Security researchers at BlackBerry have identified a new Ransomware-as-a-Service (RaaS) family on March 16 and traced it back to its alleged beta stage release.
The strain, called LokiLocker, encrypts victims’ files, renders compromised systems unusable, and demands a ransom to restore access. The malicious service also tries to shake off unwanted attention by framing Iranian threat actors.
LokiLocker was first spotted on the web last August, targeting Windows PCs of English-speakers.
“LokiLocker encrypts victim’s files on local drives and network shares with a standard combination of AES for file encryption and RSA for key protection,” according to BlackBerry’s security advisory. “It then asks the victim to email the attackers to obtain instructions on how to pay the ransom.”
So far, LokiLocker seems to have the same encryption capabilities as many other known ransomware strains. However, threat actors can also configure it to wipe all non-system files and overwrite the MBR, thus making the system unusable.

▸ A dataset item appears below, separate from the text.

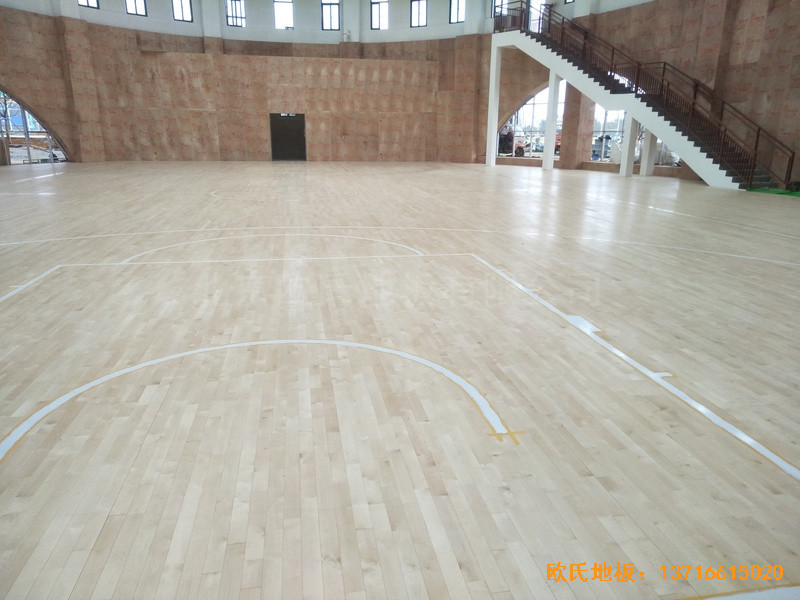 江西榮江金色春城小學(xué)運(yùn)動館運(yùn)動木地板安裝案例5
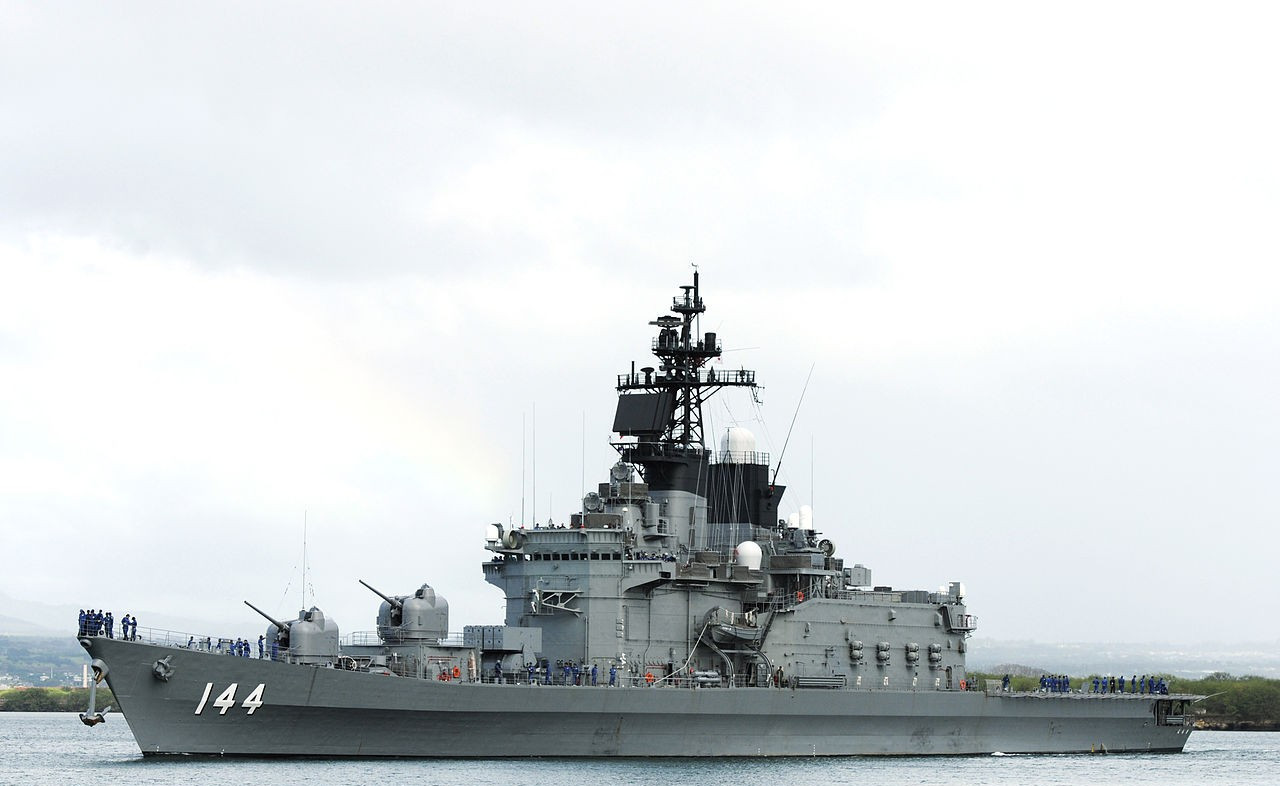 本级舰可以视作其前级榛名级直升机驱逐舰的改良版,中间有大型的直升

“LokiLocker also boasts an optional wiper functionality — if the victim doesn’t pay up in the timeframe specified by the attacker, all non-system files will be deleted and the MBR overwritten, wiping all the victim’s files and rendering the system unusable. With a single stroke, everyone loses,” according to the advisory.
Reportedly, LokiLocker could be programmed to exclude certain countries from encryption and wiping, but further research found only Iran on the list of exceptions. Additionally, the exception rule hasn’t even been implemented, leading experts to believe that the references to Iranian threat actors might be a diversion to avoid unwanted attention.
At the moment, no free tool to decrypt content ciphered by LokiLocker exists.